Goal of the exercise: Copy the listing as it is written, and leave each picture out.
==== Collected material ====
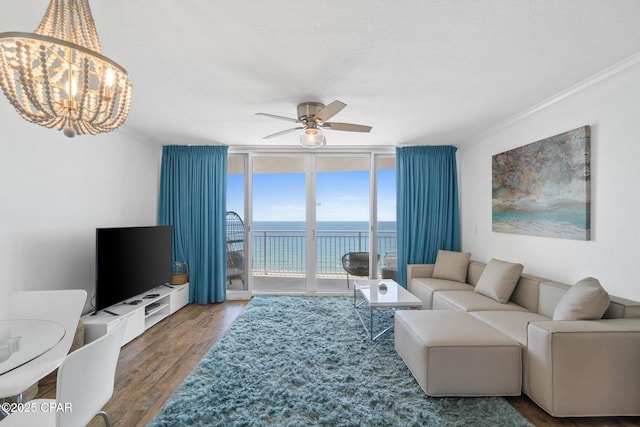 14701 Front Beach Rd Unit 1735, Panama City Beach, FL 32413 - living area featuring floor to ceiling windows, crown molding, ceiling fan, wood finished floors, and a chandelier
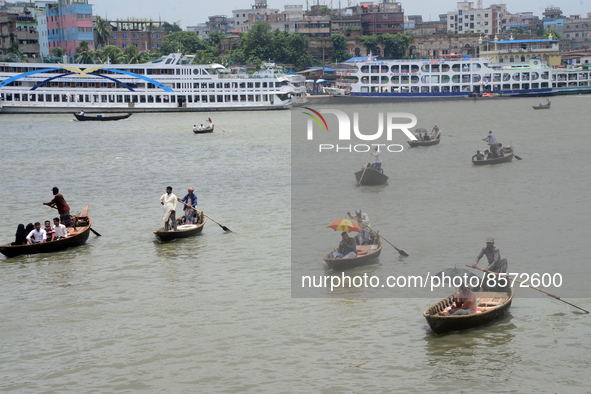 People cross the busy Buriganga river by boat during high temperature weather in Dhaka, Bangladesh, on July 22, 2022 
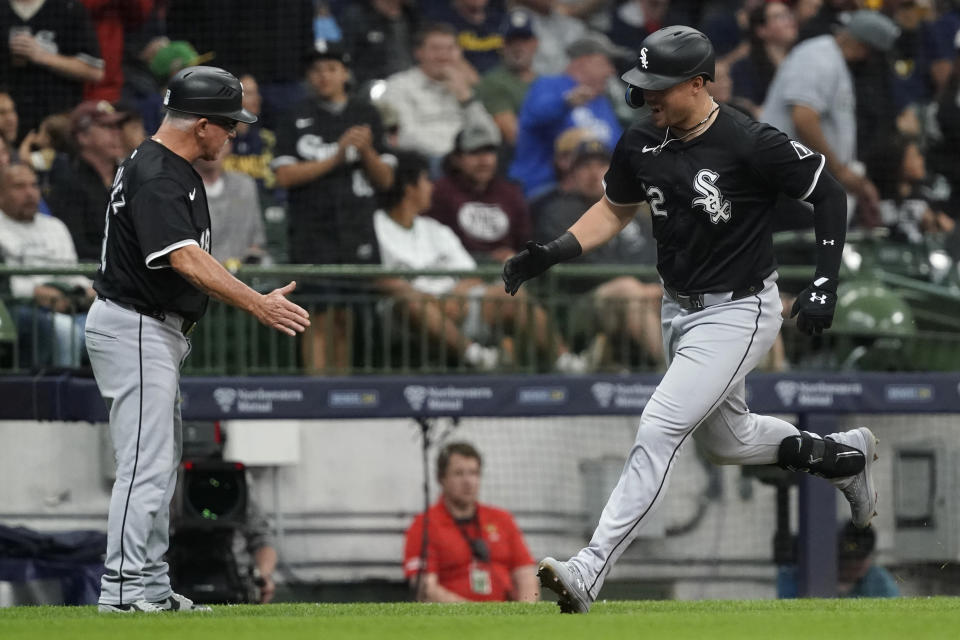 Chicago White Sox's Gavin Sheets, right, is congratulated by third base coach Eddie Rodriguez after hitting a two-run home run during the fourth inning of a baseball game against the Milwaukee Brewers Saturday, June 1, 2024, in Milwaukee. (AP Photo/Aaron Gash)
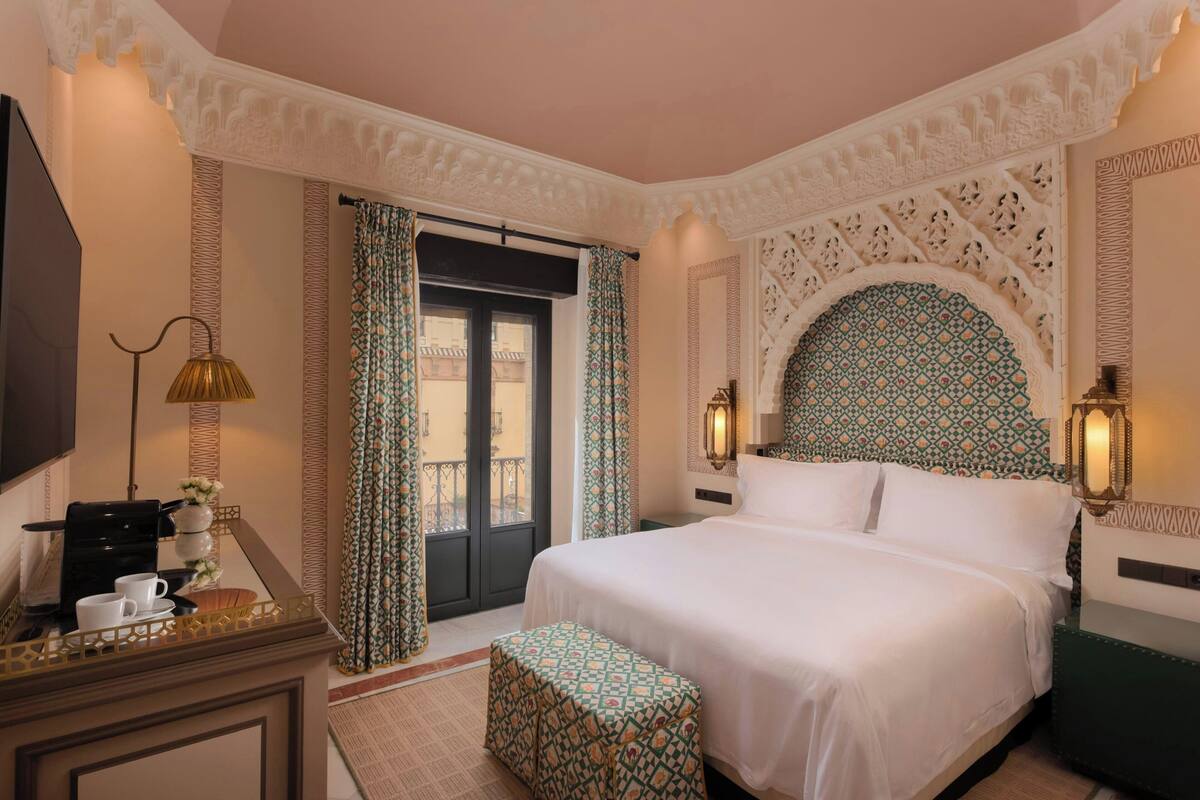 A hotel room with a large bed, a desk with a coffee maker, and patterned curtains.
====
Response area:
 14701 Front Beach Rd Unit 1735, Panama City Beach, FL 32413 - living area featuring floor to ceiling windows, crown molding, ceiling fan, wood finished floors, and a chandelier
 People cross the busy Buriganga river by boat during high temperature weather in Dhaka, Bangladesh, on July 22, 2022 
 Chicago White Sox's Gavin Sheets, right, is congratulated by third base coach Eddie Rodriguez after hitting a two-run home run during the fourth inning of a baseball game against the Milwaukee Brewers Saturday, June 1, 2024, in Milwaukee. (AP Photo/Aaron Gash)
 A hotel room with a large bed, a desk with a coffee maker, and patterned curtains.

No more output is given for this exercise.